La fijación de la apuesta económica estatal corresponde, evidentemente, al Poder Ejecutivo, con Europa como referencia. Pero la decisión de la senda a seguir para satisfacer la demanda de asegurar el porvenir vital de la población ha de obedecer necesariamente al consenso entre las fuerzas parlamentarias. El grado de desacuerdo entre las principales formaciones políticas nunca hasta ahora había rozado en España límites tan elevados e inquietantes de recelo y sospecha. Ergo, no parece posible que la prioridad de la apuesta económica enunciada pueda ser así satisfecha. En cuanto a la segunda prioridad, el Gobierno de la derecha -mentor corrupto de buena parte de la deslegitimación de la política- adoptó respecto al proceso catalán una vía punitiva estancada hoy en una senda muerta que no conduce a salida alguna.
Pese a la naturaleza distinta de ambos problemas, la solución de los dos puede pasar por una institución: la Corona, investida por la Constitución no solo de atributos representativos o privilegios de tod@s conocidos sino también de responsabilidades propias. Como vértice simbólico de la Nación, le corresponde ejercer funciones de arbitraje en la arena estatal, señaladamente cuando se encuentra tan intrincadamente revuelta como ahora. Puede pues inducir a las fuerzas políticas al consenso para que estas determinen cuál será el procedimiento prioritario para procurar el futuro bastidor económico de sustento de la Nación. Y puede, asimismo, movilizar su ascendiente como institución de arbitraje moderador –atribuciones que la Constitución le asigna- para ofrecer una salida imaginativa a la cuestión catalana: la gracia.
El artículo 62, apartado i de la Carta Magna establece que el Rey puede ejercer el derecho de gracia con arreglo a la ley.
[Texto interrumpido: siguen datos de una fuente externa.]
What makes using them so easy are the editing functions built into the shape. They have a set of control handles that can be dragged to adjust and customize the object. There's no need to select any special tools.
Tras la sentencia judicial, presumiblemente condenatoria, contra los responsables de haber puesto en marcha el denominado procés, cabe pues al Rey poner el marcador a cero, rebobinar la moviola estatal y graciarles, teniendo muy en cuenta el castigo que, preventivamente, han recibido en el año largo cumplido en prisión sin que mediara sentencia inculpatoria.
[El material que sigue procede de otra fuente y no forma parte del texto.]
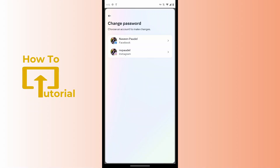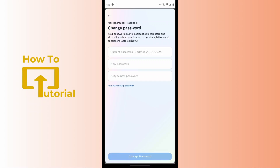Now you have to select your Facebook account. After selecting your Facebook, enter your current password in the first blank, and then enter the new password in the second blank.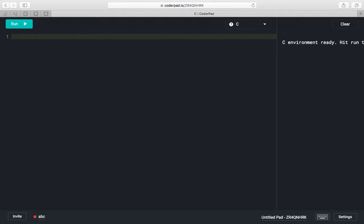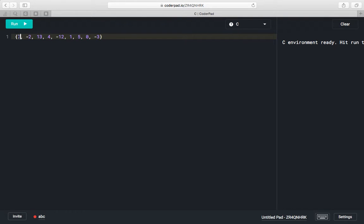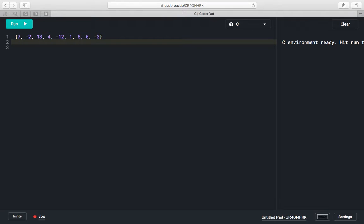Today we are going to learn how to find the maximum continuous positive numbers in a given array. For this array, we have 150 so three positive numbers together, then 13 and 4 giving a count of 2, and 7 giving a count of 1. So for this given array the output will be 3.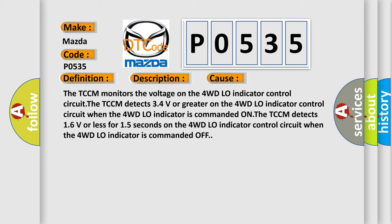The TCCM monitors the voltage on the 4WD low indicator control circuit. The TCCM detects 1.6 volts or less for 1.5 seconds on the 4WD low indicator control circuit when the 4WD low indicator is commanded off.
Con ello se conseguirían numerosos objetivos. Primero, demostrar que la Corona puede – y debe- contribuir a solucionar problemas de la gravedad descrita. Segundo, por la vía del sentido común, la medida coadyuvaría admirablemente a redirigir la impugnación independentista a un cauce de sensatez, al mostrar la neutralidad de un arbitraje estatal de concordia como el que la gracia implica y un marco estatal de soluciones políticas o constitucionales para ampararlas. Tercero, invitaría a la clase política más inculta a reflexionar seriamente sobre la necesidad de comprender en qué consiste la política: dialogar, decidir, resolver, en definitiva, consensuar. Por último, que no menos importante, la medida de gracia restablecería el equilibrio entre legalidad y legitimidad amenazado en grado sumo por la peligrosidad de una coyuntura con aristas tan cortantes como las que hoy reviste la actualidad política en España. Corona y Constitución recobrarían, a ojos vistas, la legitimidad erosionada que hoy muestran y la facultad resolutoria que legalmente atesoran, fortificando su potencial legal y legitimante.
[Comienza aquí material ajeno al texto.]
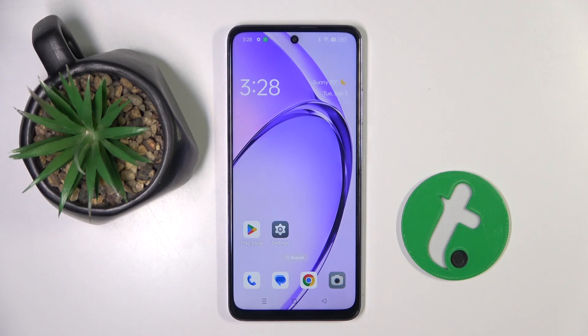Welcome guys to the tutorial info channel. In front of me is Oppo K12X and in this video I'm going to show you how to change screen recording sound settings on this device.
Y, en un estadio ulterior, puestas las bases para el hallazgo imaginativo de soluciones eficaces, desde la serenidad y la inteligencia, plantear en qué medida ambas instancias, Corona y Constitución, demandan asimismo profundos cambios.
Eludir la vía de la gracia solo procurará a España la tribulación de nuevas y más profundas desgracias. Aún hay tiempo –y soluciones- para atajar el desastre.